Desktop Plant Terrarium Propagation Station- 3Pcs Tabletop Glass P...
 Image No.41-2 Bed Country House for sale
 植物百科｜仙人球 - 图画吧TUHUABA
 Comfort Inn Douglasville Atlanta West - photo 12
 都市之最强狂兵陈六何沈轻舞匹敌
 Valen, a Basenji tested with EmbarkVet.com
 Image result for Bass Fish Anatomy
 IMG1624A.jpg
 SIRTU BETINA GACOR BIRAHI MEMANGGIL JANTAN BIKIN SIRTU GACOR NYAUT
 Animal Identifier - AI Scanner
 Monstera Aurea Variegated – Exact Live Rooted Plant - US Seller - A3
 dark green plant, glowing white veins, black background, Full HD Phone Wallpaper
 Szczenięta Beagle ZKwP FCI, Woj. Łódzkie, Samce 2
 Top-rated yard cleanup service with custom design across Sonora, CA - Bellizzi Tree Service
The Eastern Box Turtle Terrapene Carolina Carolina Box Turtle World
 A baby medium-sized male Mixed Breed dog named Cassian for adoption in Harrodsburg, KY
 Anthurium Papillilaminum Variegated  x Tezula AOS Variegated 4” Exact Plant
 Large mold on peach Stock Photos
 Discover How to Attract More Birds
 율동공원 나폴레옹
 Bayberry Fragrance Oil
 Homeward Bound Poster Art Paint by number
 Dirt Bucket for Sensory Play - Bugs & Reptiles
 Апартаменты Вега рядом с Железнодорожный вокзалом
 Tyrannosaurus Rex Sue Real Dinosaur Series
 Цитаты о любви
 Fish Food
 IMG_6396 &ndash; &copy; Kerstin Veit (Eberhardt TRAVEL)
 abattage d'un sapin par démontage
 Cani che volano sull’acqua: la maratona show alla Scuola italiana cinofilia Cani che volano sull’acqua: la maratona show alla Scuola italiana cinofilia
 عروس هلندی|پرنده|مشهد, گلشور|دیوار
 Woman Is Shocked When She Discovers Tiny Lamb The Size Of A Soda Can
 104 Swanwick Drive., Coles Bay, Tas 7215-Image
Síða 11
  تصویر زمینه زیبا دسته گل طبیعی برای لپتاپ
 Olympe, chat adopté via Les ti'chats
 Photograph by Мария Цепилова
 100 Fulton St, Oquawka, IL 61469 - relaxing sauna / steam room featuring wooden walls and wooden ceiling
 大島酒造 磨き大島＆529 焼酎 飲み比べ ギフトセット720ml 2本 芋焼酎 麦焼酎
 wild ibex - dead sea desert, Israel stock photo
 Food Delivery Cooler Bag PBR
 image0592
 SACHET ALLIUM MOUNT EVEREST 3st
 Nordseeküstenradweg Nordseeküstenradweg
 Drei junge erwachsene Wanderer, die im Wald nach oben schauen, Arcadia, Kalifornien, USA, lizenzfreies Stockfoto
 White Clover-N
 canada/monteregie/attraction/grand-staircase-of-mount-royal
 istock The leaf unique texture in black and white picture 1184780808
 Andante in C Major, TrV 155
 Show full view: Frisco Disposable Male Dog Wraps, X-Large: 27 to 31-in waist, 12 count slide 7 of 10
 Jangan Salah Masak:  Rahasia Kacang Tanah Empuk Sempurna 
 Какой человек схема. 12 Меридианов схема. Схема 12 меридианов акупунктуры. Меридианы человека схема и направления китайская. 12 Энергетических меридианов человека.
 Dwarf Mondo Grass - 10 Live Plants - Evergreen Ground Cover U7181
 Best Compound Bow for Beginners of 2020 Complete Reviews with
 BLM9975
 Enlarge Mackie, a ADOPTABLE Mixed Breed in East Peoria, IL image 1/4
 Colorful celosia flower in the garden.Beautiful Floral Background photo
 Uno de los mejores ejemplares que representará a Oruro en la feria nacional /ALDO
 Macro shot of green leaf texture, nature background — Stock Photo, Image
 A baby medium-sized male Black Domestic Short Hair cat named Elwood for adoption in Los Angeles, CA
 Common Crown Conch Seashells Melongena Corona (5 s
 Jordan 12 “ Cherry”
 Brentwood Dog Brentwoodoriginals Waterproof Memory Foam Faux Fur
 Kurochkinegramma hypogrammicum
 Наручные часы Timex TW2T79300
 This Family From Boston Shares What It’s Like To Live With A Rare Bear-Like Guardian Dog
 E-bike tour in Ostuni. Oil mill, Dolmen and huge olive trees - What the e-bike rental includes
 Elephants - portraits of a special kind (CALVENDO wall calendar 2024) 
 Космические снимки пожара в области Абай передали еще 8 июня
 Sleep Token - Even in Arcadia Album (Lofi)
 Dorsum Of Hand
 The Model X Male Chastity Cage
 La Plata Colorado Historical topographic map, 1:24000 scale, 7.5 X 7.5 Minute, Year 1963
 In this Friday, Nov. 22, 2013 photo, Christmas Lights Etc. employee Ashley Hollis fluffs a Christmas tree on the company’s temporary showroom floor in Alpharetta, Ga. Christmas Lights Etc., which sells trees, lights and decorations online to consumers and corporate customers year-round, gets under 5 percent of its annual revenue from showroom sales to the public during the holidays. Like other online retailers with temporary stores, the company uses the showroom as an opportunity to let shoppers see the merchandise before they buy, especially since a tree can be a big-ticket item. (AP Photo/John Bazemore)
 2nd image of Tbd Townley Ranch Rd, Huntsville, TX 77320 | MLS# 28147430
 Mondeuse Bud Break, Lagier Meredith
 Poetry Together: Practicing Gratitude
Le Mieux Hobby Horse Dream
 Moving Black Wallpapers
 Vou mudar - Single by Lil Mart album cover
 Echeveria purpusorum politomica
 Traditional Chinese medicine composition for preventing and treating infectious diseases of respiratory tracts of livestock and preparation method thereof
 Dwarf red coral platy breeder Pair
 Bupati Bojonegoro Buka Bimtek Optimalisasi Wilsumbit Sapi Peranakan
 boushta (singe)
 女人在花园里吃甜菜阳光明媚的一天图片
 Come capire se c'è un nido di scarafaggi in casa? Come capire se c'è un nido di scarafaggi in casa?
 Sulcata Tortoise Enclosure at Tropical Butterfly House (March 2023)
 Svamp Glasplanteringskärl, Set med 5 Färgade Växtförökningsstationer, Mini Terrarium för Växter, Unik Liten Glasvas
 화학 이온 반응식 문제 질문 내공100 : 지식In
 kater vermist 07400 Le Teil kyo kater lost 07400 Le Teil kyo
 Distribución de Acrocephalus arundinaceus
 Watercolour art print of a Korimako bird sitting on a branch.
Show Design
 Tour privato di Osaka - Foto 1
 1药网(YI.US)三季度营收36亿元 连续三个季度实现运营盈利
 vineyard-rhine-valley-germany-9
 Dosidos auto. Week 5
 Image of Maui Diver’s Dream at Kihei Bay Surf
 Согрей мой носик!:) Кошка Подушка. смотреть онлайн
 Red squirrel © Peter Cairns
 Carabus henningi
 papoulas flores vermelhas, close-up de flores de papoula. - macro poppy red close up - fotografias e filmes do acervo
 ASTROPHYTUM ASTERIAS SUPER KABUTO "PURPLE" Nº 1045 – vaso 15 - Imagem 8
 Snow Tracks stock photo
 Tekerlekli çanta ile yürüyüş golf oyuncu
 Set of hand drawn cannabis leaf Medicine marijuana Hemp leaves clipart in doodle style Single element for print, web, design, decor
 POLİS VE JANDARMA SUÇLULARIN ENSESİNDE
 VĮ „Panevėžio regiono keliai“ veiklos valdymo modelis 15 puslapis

• • • • •

● Problem to work on
Write out the full listing, keeping every line exactly as it is.

● Response for this exercise
Desktop Plant Terrarium Propagation Station- 3Pcs Tabletop Glass P...
 Image No.41-2 Bed Country House for sale
 植物百科｜仙人球 - 图画吧TUHUABA
 Comfort Inn Douglasville Atlanta West - photo 12
 都市之最强狂兵陈六何沈轻舞匹敌
 Valen, a Basenji tested with EmbarkVet.com
 Image result for Bass Fish Anatomy
 IMG1624A.jpg
 SIRTU BETINA GACOR BIRAHI MEMANGGIL JANTAN BIKIN SIRTU GACOR NYAUT
 Animal Identifier - AI Scanner
 Monstera Aurea Variegated – Exact Live Rooted Plant - US Seller - A3
 dark green plant, glowing white veins, black background, Full HD Phone Wallpaper
 Szczenięta Beagle ZKwP FCI, Woj. Łódzkie, Samce 2
 Top-rated yard cleanup service with custom design across Sonora, CA - Bellizzi Tree Service
The Eastern Box Turtle Terrapene Carolina Carolina Box Turtle World
 A baby medium-sized male Mixed Breed dog named Cassian for adoption in Harrodsburg, KY
 Anthurium Papillilaminum Variegated  x Tezula AOS Variegated 4” Exact Plant
 Large mold on peach Stock Photos
 Discover How to Attract More Birds
 율동공원 나폴레옹
 Bayberry Fragrance Oil
 Homeward Bound Poster Art Paint by number
 Dirt Bucket for Sensory Play - Bugs & Reptiles
 Апартаменты Вега рядом с Железнодорожный вокзалом
 Tyrannosaurus Rex Sue Real Dinosaur Series
 Цитаты о любви
 Fish Food
 IMG_6396 &ndash; &copy; Kerstin Veit (Eberhardt TRAVEL)
 abattage d'un sapin par démontage
 Cani che volano sull’acqua: la maratona show alla Scuola italiana cinofilia Cani che volano sull’acqua: la maratona show alla Scuola italiana cinofilia
 عروس هلندی|پرنده|مشهد, گلشور|دیوار
 Woman Is Shocked When She Discovers Tiny Lamb The Size Of A Soda Can
 104 Swanwick Drive., Coles Bay, Tas 7215-Image
Síða 11
  تصویر زمینه زیبا دسته گل طبیعی برای لپتاپ
 Olympe, chat adopté via Les ti'chats
 Photograph by Мария Цепилова
 100 Fulton St, Oquawka, IL 61469 - relaxing sauna / steam room featuring wooden walls and wooden ceiling
 大島酒造 磨き大島＆529 焼酎 飲み比べ ギフトセット720ml 2本 芋焼酎 麦焼酎
 wild ibex - dead sea desert, Israel stock photo
 Food Delivery Cooler Bag PBR
 image0592
 SACHET ALLIUM MOUNT EVEREST 3st
 Nordseeküstenradweg Nordseeküstenradweg
 Drei junge erwachsene Wanderer, die im Wald nach oben schauen, Arcadia, Kalifornien, USA, lizenzfreies Stockfoto
 White Clover-N
 canada/monteregie/attraction/grand-staircase-of-mount-royal
 istock The leaf unique texture in black and white picture 1184780808
 Andante in C Major, TrV 155
 Show full view: Frisco Disposable Male Dog Wraps, X-Large: 27 to 31-in waist, 12 count slide 7 of 10
 Jangan Salah Masak:  Rahasia Kacang Tanah Empuk Sempurna 
 Какой человек схема. 12 Меридианов схема. Схема 12 меридианов акупунктуры. Меридианы человека схема и направления китайская. 12 Энергетических меридианов человека.
 Dwarf Mondo Grass - 10 Live Plants - Evergreen Ground Cover U7181
 Best Compound Bow for Beginners of 2020 Complete Reviews with
 BLM9975
 Enlarge Mackie, a ADOPTABLE Mixed Breed in East Peoria, IL image 1/4
 Colorful celosia flower in the garden.Beautiful Floral Background photo
 Uno de los mejores ejemplares que representará a Oruro en la feria nacional /ALDO
 Macro shot of green leaf texture, nature background — Stock Photo, Image
 A baby medium-sized male Black Domestic Short Hair cat named Elwood for adoption in Los Angeles, CA
 Common Crown Conch Seashells Melongena Corona (5 s
 Jordan 12 “ Cherry”
 Brentwood Dog Brentwoodoriginals Waterproof Memory Foam Faux Fur
 Kurochkinegramma hypogrammicum
 Наручные часы Timex TW2T79300
 This Family From Boston Shares What It’s Like To Live With A Rare Bear-Like Guardian Dog
 E-bike tour in Ostuni. Oil mill, Dolmen and huge olive trees - What the e-bike rental includes
 Elephants - portraits of a special kind (CALVENDO wall calendar 2024) 
 Космические снимки пожара в области Абай передали еще 8 июня
 Sleep Token - Even in Arcadia Album (Lofi)
 Dorsum Of Hand
 The Model X Male Chastity Cage
 La Plata Colorado Historical topographic map, 1:24000 scale, 7.5 X 7.5 Minute, Year 1963
 In this Friday, Nov. 22, 2013 photo, Christmas Lights Etc. employee Ashley Hollis fluffs a Christmas tree on the company’s temporary showroom floor in Alpharetta, Ga. Christmas Lights Etc., which sells trees, lights and decorations online to consumers and corporate customers year-round, gets under 5 percent of its annual revenue from showroom sales to the public during the holidays. Like other online retailers with temporary stores, the company uses the showroom as an opportunity to let shoppers see the merchandise before they buy, especially since a tree can be a big-ticket item. (AP Photo/John Bazemore)
 2nd image of Tbd Townley Ranch Rd, Huntsville, TX 77320 | MLS# 28147430
 Mondeuse Bud Break, Lagier Meredith
 Poetry Together: Practicing Gratitude
Le Mieux Hobby Horse Dream
 Moving Black Wallpapers
 Vou mudar - Single by Lil Mart album cover
 Echeveria purpusorum politomica
 Traditional Chinese medicine composition for preventing and treating infectious diseases of respiratory tracts of livestock and preparation method thereof
 Dwarf red coral platy breeder Pair
 Bupati Bojonegoro Buka Bimtek Optimalisasi Wilsumbit Sapi Peranakan
 boushta (singe)
 女人在花园里吃甜菜阳光明媚的一天图片
 Come capire se c'è un nido di scarafaggi in casa? Come capire se c'è un nido di scarafaggi in casa?
 Sulcata Tortoise Enclosure at Tropical Butterfly House (March 2023)
 Svamp Glasplanteringskärl, Set med 5 Färgade Växtförökningsstationer, Mini Terrarium för Växter, Unik Liten Glasvas
 화학 이온 반응식 문제 질문 내공100 : 지식In
 kater vermist 07400 Le Teil kyo kater lost 07400 Le Teil kyo
 Distribución de Acrocephalus arundinaceus
 Watercolour art print of a Korimako bird sitting on a branch.
Show Design
 Tour privato di Osaka - Foto 1
 1药网(YI.US)三季度营收36亿元 连续三个季度实现运营盈利
 vineyard-rhine-valley-germany-9
 Dosidos auto. Week 5
 Image of Maui Diver’s Dream at Kihei Bay Surf
 Согрей мой носик!:) Кошка Подушка. смотреть онлайн
 Red squirrel © Peter Cairns
 Carabus henningi
 papoulas flores vermelhas, close-up de flores de papoula. - macro poppy red close up - fotografias e filmes do acervo
 ASTROPHYTUM ASTERIAS SUPER KABUTO "PURPLE" Nº 1045 – vaso 15 - Imagem 8
 Snow Tracks stock photo
 Tekerlekli çanta ile yürüyüş golf oyuncu
 Set of hand drawn cannabis leaf Medicine marijuana Hemp leaves clipart in doodle style Single element for print, web, design, decor
 POLİS VE JANDARMA SUÇLULARIN ENSESİNDE
 VĮ „Panevėžio regiono keliai“ veiklos valdymo modelis 15 puslapis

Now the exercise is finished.